*** Opening of COLLECTED MATERIAL ***

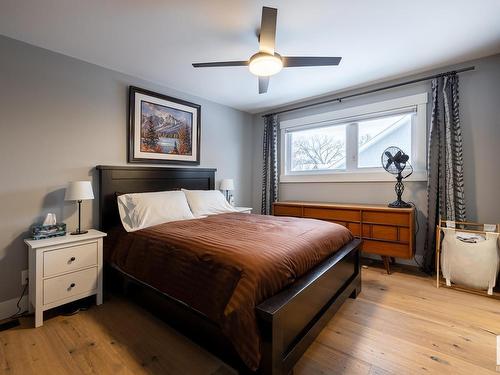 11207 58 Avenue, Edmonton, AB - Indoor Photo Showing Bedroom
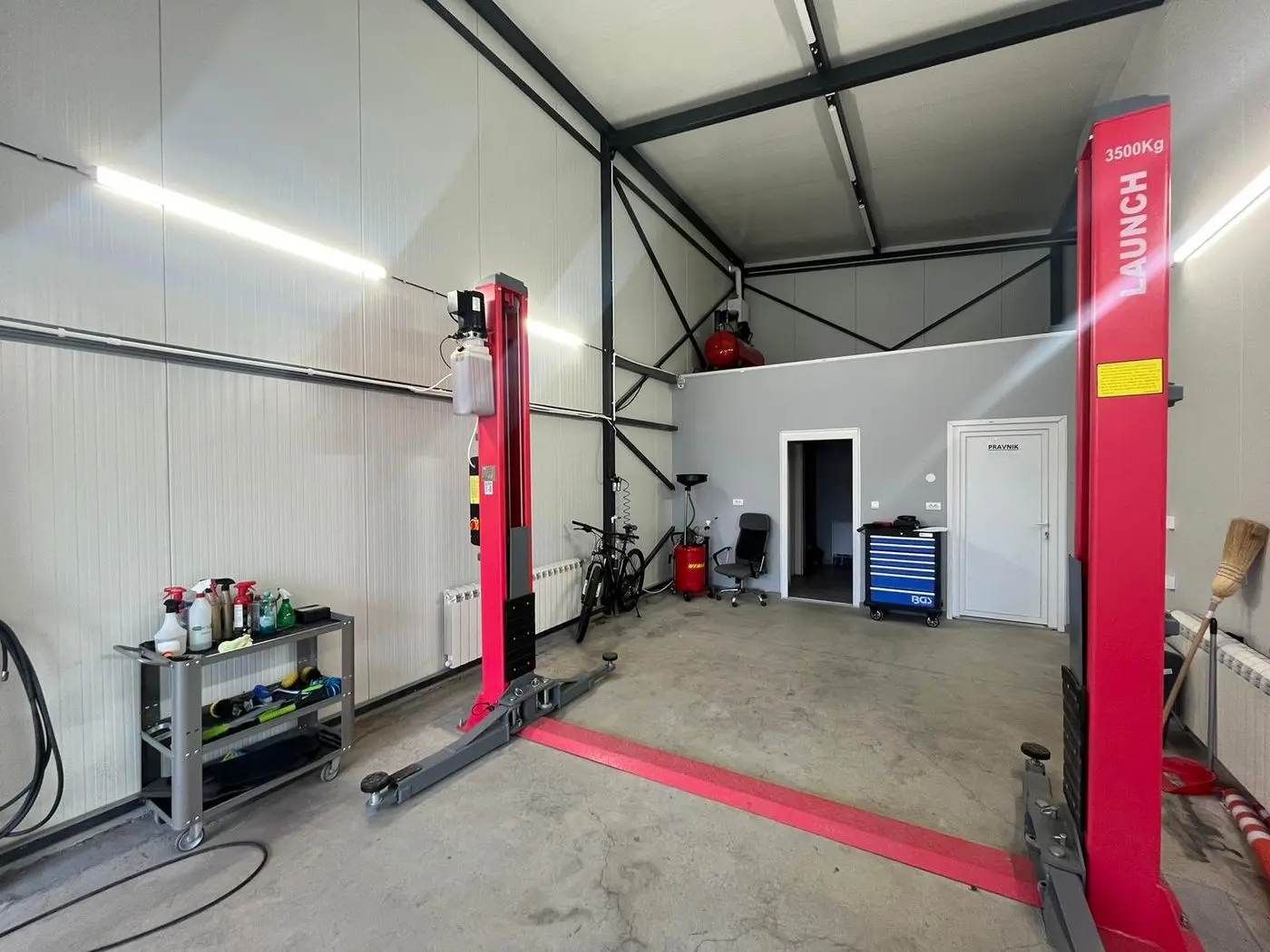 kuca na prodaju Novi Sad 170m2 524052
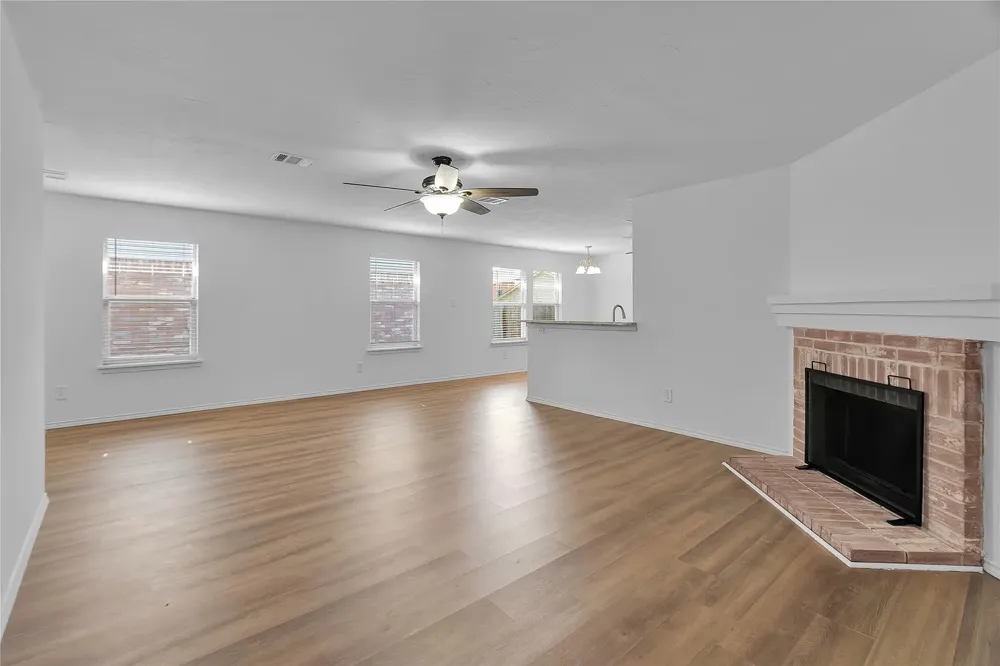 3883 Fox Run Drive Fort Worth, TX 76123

*** Close of COLLECTED MATERIAL ***

#### WHAT THE TASK ASKS
Print every line above once more, exactly. Omit the pictures.

#### WRITTEN ANSWER
 11207 58 Avenue, Edmonton, AB - Indoor Photo Showing Bedroom
 kuca na prodaju Novi Sad 170m2 524052
 3883 Fox Run Drive Fort Worth, TX 76123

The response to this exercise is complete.